Different compilation results led to a 4 times difference in their running time.
The first:
#include <numeric>
#include <algorithm>
int main() {
unsigned a[5000];
std::iota(a, a + 5000, 0);
for (int k = 0; k < 1'000'000; k++)
for (int i = 1; i < 5000; i++)
a[i] += a[i - 1];
return *std::min_element(a, a + 5000);
}
The second:
#include <numeric>
#include <algorithm>
int main() {
unsigned a[5000];
std::iota(a, a + 5000, 0);
for (int k = 0; k < 1'000'000; k++)
for (int i = 0; i + 1 < 5000; i++)
a[i + 1] += a[i];
return *std::min_element(a, a + 5000);
}
What could be the reason for this exception in the compiler?

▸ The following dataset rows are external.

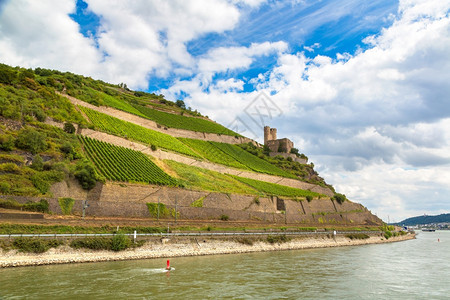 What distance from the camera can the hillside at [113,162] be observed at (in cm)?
2641

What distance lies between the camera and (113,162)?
34656 millimetres

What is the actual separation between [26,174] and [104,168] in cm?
817

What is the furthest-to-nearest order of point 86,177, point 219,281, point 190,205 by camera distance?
1. point 190,205
2. point 86,177
3. point 219,281

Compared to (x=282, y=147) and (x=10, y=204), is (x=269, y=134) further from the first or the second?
(x=10, y=204)

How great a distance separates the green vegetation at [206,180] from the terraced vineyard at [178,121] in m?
22.4

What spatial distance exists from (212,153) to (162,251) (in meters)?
40.0

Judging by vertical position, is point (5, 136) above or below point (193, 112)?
below

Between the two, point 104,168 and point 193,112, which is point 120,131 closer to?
point 104,168

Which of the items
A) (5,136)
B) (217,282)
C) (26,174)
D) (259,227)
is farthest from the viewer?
(259,227)

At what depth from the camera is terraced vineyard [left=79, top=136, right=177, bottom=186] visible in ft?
105

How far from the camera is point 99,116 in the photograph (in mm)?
47969

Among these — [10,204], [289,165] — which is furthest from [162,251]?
[289,165]

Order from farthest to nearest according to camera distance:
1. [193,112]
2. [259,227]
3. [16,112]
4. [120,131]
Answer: [193,112] < [120,131] < [259,227] < [16,112]

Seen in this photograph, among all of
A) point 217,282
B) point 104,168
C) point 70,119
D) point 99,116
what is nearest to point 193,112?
point 99,116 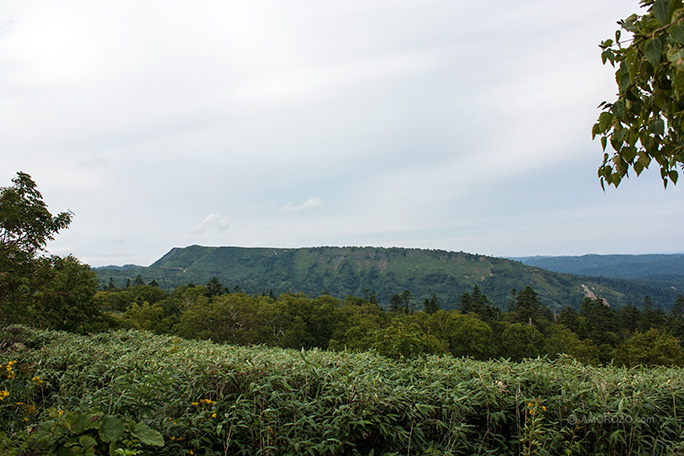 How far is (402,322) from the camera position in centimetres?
1708

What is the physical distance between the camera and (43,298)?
10922mm

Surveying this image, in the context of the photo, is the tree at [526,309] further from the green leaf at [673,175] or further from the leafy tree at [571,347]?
the green leaf at [673,175]

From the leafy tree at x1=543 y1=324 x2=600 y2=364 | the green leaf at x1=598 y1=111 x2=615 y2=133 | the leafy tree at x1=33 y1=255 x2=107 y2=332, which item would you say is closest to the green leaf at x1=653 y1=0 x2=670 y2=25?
the green leaf at x1=598 y1=111 x2=615 y2=133

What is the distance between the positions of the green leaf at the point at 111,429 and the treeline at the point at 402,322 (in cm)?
1609

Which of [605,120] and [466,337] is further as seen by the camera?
[466,337]

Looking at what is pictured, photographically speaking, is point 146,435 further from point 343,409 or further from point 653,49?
point 653,49

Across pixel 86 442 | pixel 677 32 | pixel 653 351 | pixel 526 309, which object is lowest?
pixel 526 309

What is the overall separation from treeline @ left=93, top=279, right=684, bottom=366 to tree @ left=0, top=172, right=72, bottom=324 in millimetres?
13416

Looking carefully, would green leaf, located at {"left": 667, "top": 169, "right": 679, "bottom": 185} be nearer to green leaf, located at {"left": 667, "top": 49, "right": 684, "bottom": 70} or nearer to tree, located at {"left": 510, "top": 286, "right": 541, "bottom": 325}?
green leaf, located at {"left": 667, "top": 49, "right": 684, "bottom": 70}

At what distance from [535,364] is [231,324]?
3006 cm

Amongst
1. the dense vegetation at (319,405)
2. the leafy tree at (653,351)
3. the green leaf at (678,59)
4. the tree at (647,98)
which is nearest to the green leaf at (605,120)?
the tree at (647,98)

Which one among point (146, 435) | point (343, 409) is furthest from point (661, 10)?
point (146, 435)

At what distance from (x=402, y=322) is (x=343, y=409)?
1466 cm

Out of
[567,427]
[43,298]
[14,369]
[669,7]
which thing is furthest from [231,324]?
[669,7] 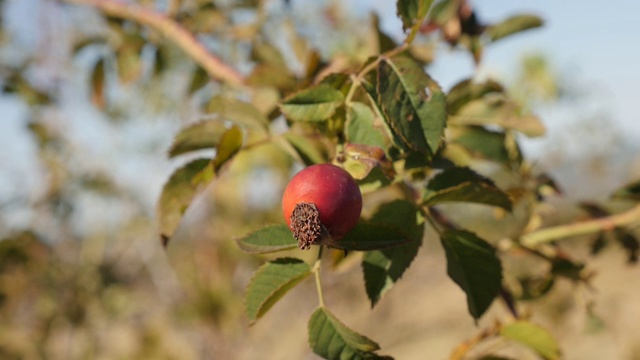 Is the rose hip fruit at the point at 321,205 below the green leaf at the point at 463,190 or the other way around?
the other way around

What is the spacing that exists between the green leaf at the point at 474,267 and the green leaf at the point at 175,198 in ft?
0.86

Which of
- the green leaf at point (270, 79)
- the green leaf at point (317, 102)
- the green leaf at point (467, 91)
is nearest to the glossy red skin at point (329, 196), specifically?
the green leaf at point (317, 102)

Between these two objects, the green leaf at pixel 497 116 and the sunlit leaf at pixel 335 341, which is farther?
the green leaf at pixel 497 116

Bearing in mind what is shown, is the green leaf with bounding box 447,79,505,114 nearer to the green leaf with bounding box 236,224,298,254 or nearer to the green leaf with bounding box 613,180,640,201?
the green leaf with bounding box 613,180,640,201

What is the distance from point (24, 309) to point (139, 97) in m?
2.27

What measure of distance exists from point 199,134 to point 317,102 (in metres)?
0.20

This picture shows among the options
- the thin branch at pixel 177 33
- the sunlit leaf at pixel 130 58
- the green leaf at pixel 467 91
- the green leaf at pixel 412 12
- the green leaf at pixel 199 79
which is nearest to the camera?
the green leaf at pixel 412 12

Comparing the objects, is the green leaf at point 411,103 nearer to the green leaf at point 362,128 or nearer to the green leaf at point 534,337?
the green leaf at point 362,128

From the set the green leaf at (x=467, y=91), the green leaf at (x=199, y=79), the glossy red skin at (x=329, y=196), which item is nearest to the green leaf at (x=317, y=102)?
the glossy red skin at (x=329, y=196)

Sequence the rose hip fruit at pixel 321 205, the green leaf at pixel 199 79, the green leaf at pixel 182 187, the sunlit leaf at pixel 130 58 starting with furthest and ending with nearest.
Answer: the sunlit leaf at pixel 130 58 < the green leaf at pixel 199 79 < the green leaf at pixel 182 187 < the rose hip fruit at pixel 321 205

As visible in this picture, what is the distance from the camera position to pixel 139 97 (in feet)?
19.5

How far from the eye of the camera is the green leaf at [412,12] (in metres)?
0.50

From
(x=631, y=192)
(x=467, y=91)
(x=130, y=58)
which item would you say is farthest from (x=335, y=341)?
(x=130, y=58)

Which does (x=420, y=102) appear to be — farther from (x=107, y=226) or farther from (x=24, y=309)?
(x=24, y=309) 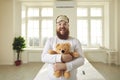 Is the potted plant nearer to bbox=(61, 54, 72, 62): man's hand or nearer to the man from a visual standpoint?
the man

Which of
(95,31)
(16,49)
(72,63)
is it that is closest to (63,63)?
(72,63)

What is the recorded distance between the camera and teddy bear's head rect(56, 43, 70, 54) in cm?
169

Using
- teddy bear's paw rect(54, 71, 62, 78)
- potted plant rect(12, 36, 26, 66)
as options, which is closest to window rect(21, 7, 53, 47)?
potted plant rect(12, 36, 26, 66)

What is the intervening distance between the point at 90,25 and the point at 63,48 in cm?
857

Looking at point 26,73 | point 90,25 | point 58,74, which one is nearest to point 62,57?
point 58,74

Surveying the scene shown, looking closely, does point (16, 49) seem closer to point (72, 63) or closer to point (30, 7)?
point (30, 7)

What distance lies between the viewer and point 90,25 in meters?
10.0

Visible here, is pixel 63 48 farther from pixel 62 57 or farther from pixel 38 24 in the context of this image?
pixel 38 24

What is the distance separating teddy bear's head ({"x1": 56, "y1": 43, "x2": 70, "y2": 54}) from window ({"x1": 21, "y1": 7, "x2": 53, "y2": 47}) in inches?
334

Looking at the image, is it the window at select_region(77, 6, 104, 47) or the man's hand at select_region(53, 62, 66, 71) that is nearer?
the man's hand at select_region(53, 62, 66, 71)

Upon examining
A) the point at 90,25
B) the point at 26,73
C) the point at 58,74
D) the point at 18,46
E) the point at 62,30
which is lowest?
the point at 26,73

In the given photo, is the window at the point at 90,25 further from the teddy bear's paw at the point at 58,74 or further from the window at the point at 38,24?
the teddy bear's paw at the point at 58,74

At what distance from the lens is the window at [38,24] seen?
399 inches

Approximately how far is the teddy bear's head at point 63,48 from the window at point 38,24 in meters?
8.49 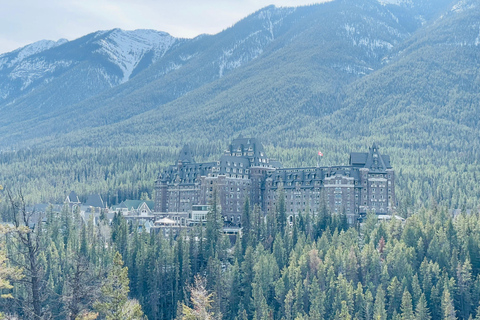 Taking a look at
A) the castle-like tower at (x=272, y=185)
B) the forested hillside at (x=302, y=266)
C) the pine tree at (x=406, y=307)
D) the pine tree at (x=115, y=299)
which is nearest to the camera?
the pine tree at (x=115, y=299)

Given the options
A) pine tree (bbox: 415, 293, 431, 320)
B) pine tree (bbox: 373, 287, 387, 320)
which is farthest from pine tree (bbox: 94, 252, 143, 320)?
pine tree (bbox: 415, 293, 431, 320)

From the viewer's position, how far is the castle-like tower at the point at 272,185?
164 metres

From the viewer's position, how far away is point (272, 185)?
176 m

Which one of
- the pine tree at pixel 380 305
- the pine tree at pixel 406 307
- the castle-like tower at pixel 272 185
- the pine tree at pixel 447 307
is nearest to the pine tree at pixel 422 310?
the pine tree at pixel 406 307

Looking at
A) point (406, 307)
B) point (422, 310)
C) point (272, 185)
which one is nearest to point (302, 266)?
point (406, 307)

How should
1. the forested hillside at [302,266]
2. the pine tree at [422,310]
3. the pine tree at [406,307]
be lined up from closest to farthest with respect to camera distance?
the pine tree at [406,307]
the pine tree at [422,310]
the forested hillside at [302,266]

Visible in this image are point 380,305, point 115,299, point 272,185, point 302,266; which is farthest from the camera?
point 272,185

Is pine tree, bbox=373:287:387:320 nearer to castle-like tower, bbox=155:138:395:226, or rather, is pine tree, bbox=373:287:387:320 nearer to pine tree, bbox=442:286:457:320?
pine tree, bbox=442:286:457:320

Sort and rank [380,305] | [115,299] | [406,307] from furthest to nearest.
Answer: [380,305]
[406,307]
[115,299]

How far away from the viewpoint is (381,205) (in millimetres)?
163750

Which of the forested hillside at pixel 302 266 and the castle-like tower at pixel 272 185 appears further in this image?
the castle-like tower at pixel 272 185

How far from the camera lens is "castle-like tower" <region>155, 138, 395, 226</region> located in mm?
164250

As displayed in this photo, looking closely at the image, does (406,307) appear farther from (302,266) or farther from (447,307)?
(302,266)

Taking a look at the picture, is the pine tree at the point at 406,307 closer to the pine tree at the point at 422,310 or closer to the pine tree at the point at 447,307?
the pine tree at the point at 422,310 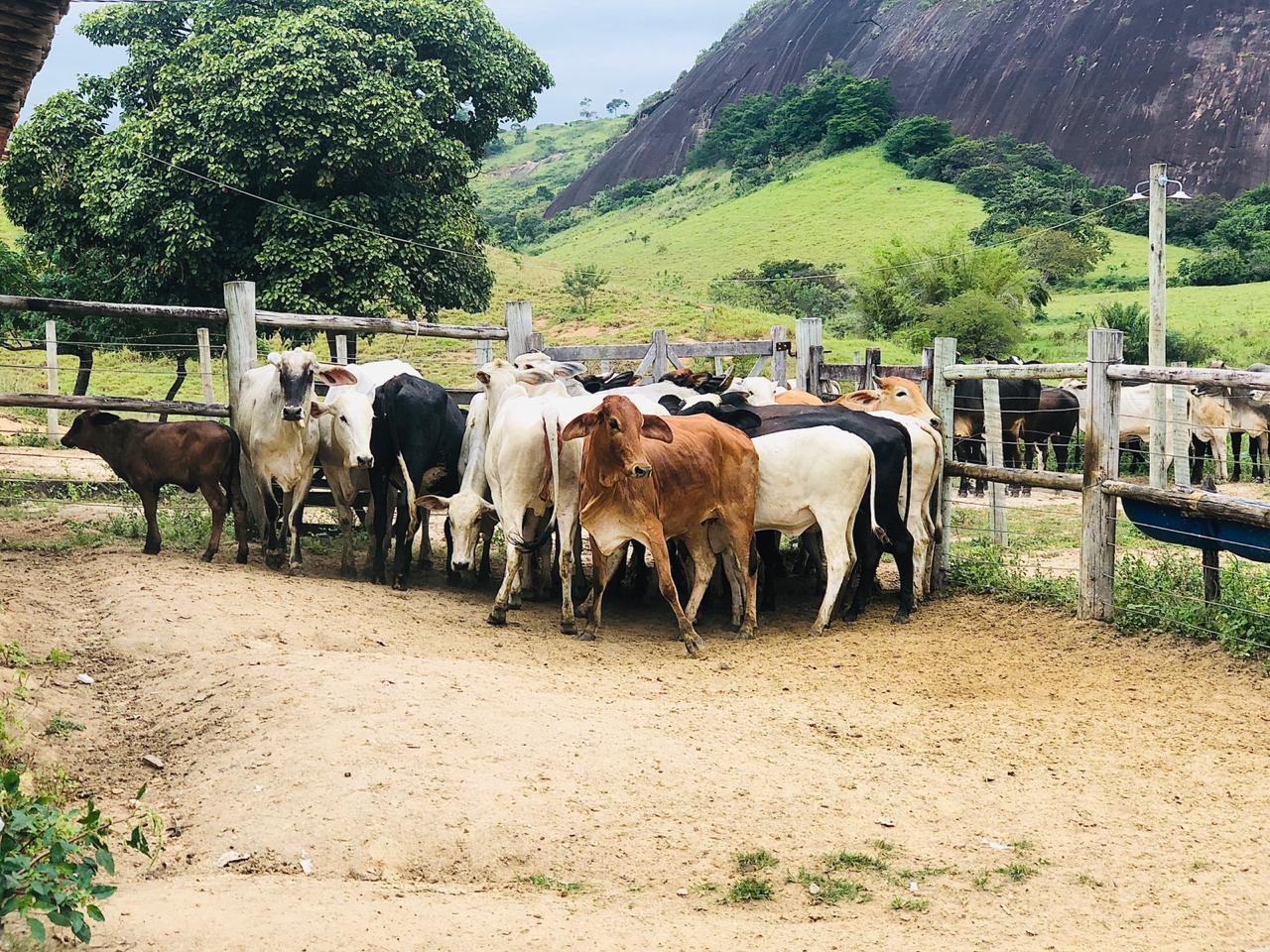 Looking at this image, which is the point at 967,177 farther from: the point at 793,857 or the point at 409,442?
the point at 793,857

In version 2 we see that GCC has done this,
.L4:
add edx, DWORD PTR [rax]
add rax, 4
mov DWORD PTR [rax-4], edx
cmp rcx, rax
jne .L4
So accumulating values in edx
, adding a new element into it and storing the accumulated sum to memory. This is fine, no problems here.
In version 1 we see that GCC has done this,
.L4:
mov edx, DWORD PTR [rax-4]
add DWORD PTR [rax], edx
add rax, 4
cmp rax, rcx
jne .L4
Here the previously stored partial sum is loaded again, and then it is added into the current element.
That is not good, there is a loop-carried dependency through memory, putting the latency of a store+reload on the critical path. On various CPUs that may be 5 or 6 cycles per iteration. In version 2 the similar dependency goes through edx
instead of through memory, which is pretty efficient on every CPU, letting the loop execute at closer to 1.5 cycles per iteration. Based on that effect, a performance difference of around 4x is expected.
On some newer CPUs it may not work out so badly, if the CPU can use memory renaming (zero-latency store to load forwarding) in this situation. However, about Intel Ice Lake, Agner Fog writes:
The fast forwarding does not work in the following cases, according to my tests:
...
- Read-modify-write instructions
We do have a read-modify-write instruction here so that's probably not good.
For AMD-style memory renaming, apparently the memory operand has to be an exact match (not just the computed address, but the way in which it is specified), which we don't have here, so it's probably not good either.
I don't know why GCC would compile the two versions in such different ways. Maybe there is a reason and I just couldn't think of it, but maybe it just happened by bad luck.